Osman's earlier claims linking the Israelites to the ancient Egyptians aroused controversy. He feels the atmosphere is now more receptive after being invited to address the Sixth International Congress of Egyptologists opening Sunday in Turin, Italy.
Osman will address the 1,400 experts on Wednesday.
For the past 27 years, Osman, 57, has pursued his theory that the origins of Christianity are to be found in ancient Egypt, where there were Hebrew settlements followed by persecutions.
In his 1987 book, "Stranger in the Valley of Kings," he theorized that a mummy in the Cairo Museum known as Yuya was the biblical figure Joseph who led the tribe of Israel into Egypt.
His 1990 book, "Moses: Pharaoh of Egypt" claimed that Moses and the pharaoh Akhenaten, father of Tutankhamen, were the same man.
The wars of David are described in different ways in chapters eight and 10 of the Second Book of Samuel.
One says that David had 600 followers and fought the Philistines but ran away from his son Absalom. The other calls him a mighty emperor from the Euphrates to the Nile rivers.
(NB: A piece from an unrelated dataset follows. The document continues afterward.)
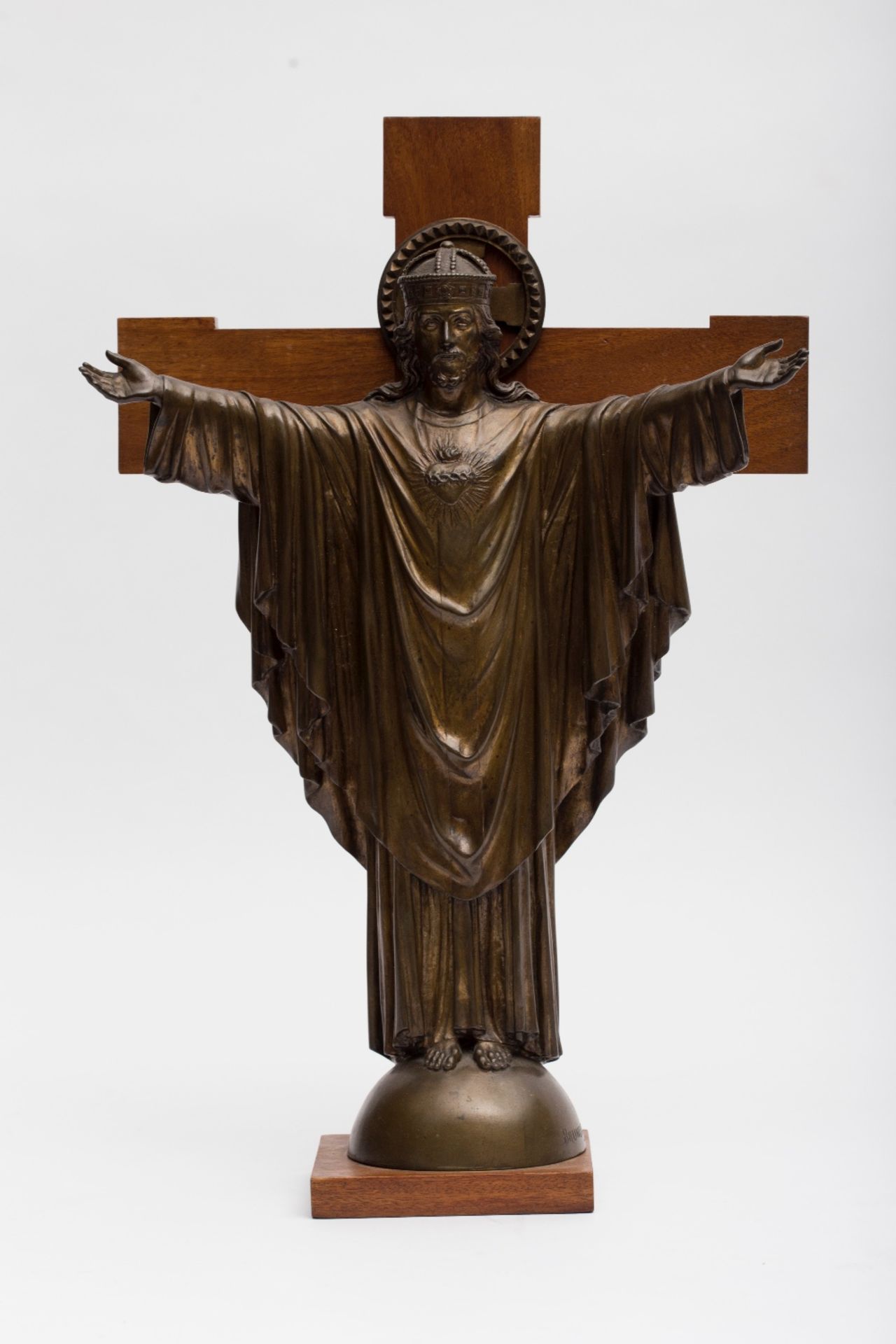 Bruno Gerrits (1881-1970)Christ the King; Bronze sculpture with golden-brown patina, and padauk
"David is believed to have ruled from about 1000 B.C. to 960 B.C. But his biblical military history is identical with that of Thutmose III, the mightiest king of the ancient world, who ruled an empire in western Asia from the Nile to the Euphrates for 54 years from about 1490 B.C.," Osman said.
"No archeological evidence of David has been found in that region for the 10th century B.C. but there is evidence of him in the 15th-century B.C. layer, the same period as Thutmose III," Osman said.
He said the Bible does not use the same names or chronology as the Karnak annals but the events are the same in both and they match at a number of points.
-Both kings had to face hostile kings in the region from Sinai to Asia Minor.
-The battle was outside a Canaanite fortified city which may have been the Megiddo of the Karnak rec-ord and Armageddon in the Bible.
-Thutmose and David followed the same military plan, dividing their armies in two flanks and surprising the enemy who fled from the battlefield leaving vast spoils behind.
-In both versions, the defeated kings entered the fortified city and shut themselves in and a long siege followed.
-The besiegers eventually captured the city and received gifts from the kings of western Asia.
-The northern Syrian leader of the rebellion escaped and was defeated in a later battle.
-The victorious king had a monument put up by the Euphrates recording his victory.